Elle savait qu'une fois libre, Drago ne resterait pas pour autant non convoité, mais elle était assez meurtrie de voir que la place de Pansy était encore brulante qu'il y mettait un cas psychiatrique a en faire regretter la précédente du genre. Sa conscience, toujours présente pour la ramener vers le chemin de la vertu, argumenta que c'était mieux ainsi et que la blondasse était une preuve supplémentaire que son histoire avec Drago n'était qu'un fantasme passé. Alors marche après marche qui donnait sur le parc, lieu propice à un transplanage inaperçu, Hermione se força à ne pas imaginer la suite de la soirée qui allait s'offrir à son ancien amant mais plus elle s'en empêchait, plus les idées bien détaillées s'enchaînaient à lui en faire mal au ventre.

- Puis-je espérer que la jalousie t'indispose au point de ne plus pouvoir rester et me regarder avec une autre ? Intervint une voix derrière elle.

- Je suppose que tu as une baguette pointé sur toi qu'elle te force à me parler, seule raison logique pour un Serpentard tel que toi ! Pesta Hermione qui n'avait pas eu besoin de se retourner pour savoir qu'il s'agissait de Drago.

- Parce que tu brilles par ton courage ce soir peut-être ? Demanda-t-il assez froidement tout en la rejoignant.

- Tu vas perdre ta précieuse étiquette de parfait gentleman à laisser choir ta cavalière de la sorte… y répondit-elle de manière très hautaine qui fit rire Drago.

- Fais attention Granger, quelques jours à mes côtés et tu vas finir par parler comme une véritable Lady…

- Merlin, non merci, je n'ai pas aussi durement étudié à Poudlard pour devenir une pouffe décolorée pas capable d'aligner deux phrases intelligentes dans une conversation…

- Elle est blonde naturellement… argumenta Drago en comprenant parfaitement à qui elle faisait allusion.

- Oh, rappelle moi de lui souhaiter toutes mes condoléances la prochaine fois que j'aurais l'honneur de la rencontrer, se désola faussement Hermione avant de remarquer un petit sourire au coin chez son interlocuteur. Tu peux me dire en quoi c'est drôle ?

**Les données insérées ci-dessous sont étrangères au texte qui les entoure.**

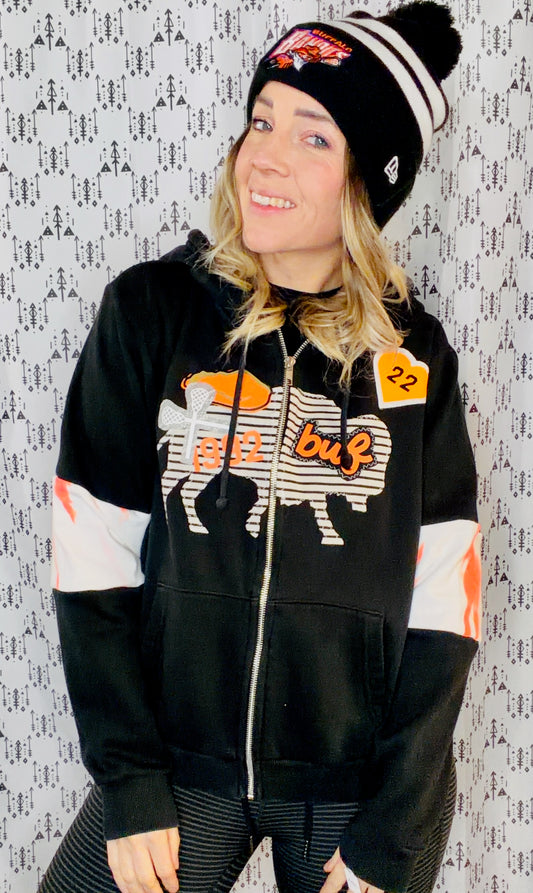 Black Everything Buffalo Lacrosse Zip-Up Hoodie Size- Women's L/XL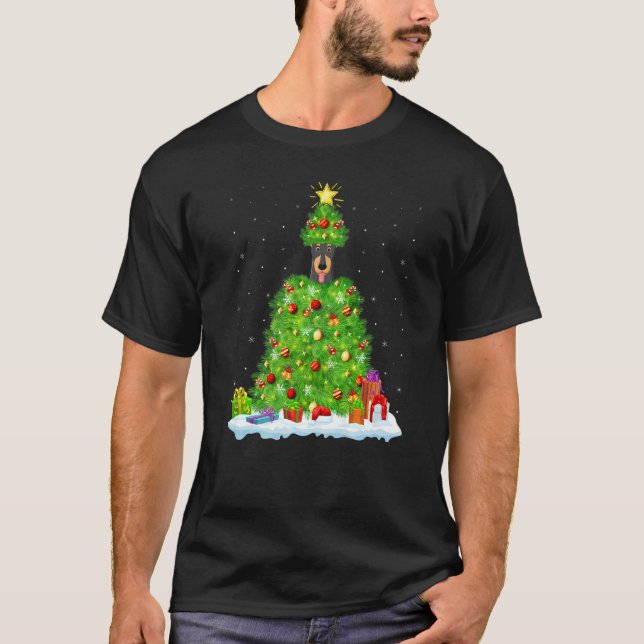 T-shirt Xmas Decorations Lights Santa Doberman Dog Christm (Devant)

- Oh rien… C'est juste toi…

- Quoi moi ?

- Je devrais te rendre jalouse plus souvent… J'adore… soupira-t-il tout en s'approchant, et je n'y résiste pas, ajouta-t-il avant de l'embrasser sans se douter un instant de la torture mentale que subissait la destinataire de ses tendres attentions.

- Drago… On ne devrait pas…

- Alors arrête de me le demander! S'offusqua-t-il avec un sérieux hypocrite qu'il savait provocateur.

- Pardon ? Quand as-tu entendus que je souhaitais que tu m'embrasses ?

- Qu'on ! Qu'on s'embrasse, tu y réponds ma chère ! Et puis, ce sont tes yeux qui me le réclament à chacune de nos rencontres!

- Garde ton baratin pour ta cruche ! Et puis, je ne suis pas jalouse, tu es libre de faire ce que bon te plait ! Tu n'as pas de compte à me rendre et tout inversement !

- Très bien Hermione… Amuses-toi bien à jouer les autruches et fait moi signe quand tu sortiras enfin ta tête du trou…

Sur ces mots qui firent mouches, Drago fit demi-tour et disparut à travers la lumière et la musique. Hermione était à nouveau seule face à son destin de femme incomprise et du lutter seule contre sa morale trop puritaine qui la harcelait de pécher, de tentation, d'infidélité et d'irresponsabilité, ce qui résumait bien la situation. Sans attendre une minute supplémentaire, Hermione quitta les lieux d'adultère et rentra chez elle. Seulement au lieu de se coucher tout de suite, elle se prit de nostalgie et se sentit le besoin de regarder de vieilles photos. Elle tomba sur une où elle était dans les bras de Ron et soupira avant de la détacher de l'album pour la poser à côté d'elle sur l'oreiller comme pour se motiver à se concentrer que sur lui. Bien évidemment, le baiser et les paroles de Drago l'en empêcha et c'est à nouveau dans les bras du blond que ses rêves l'emporta.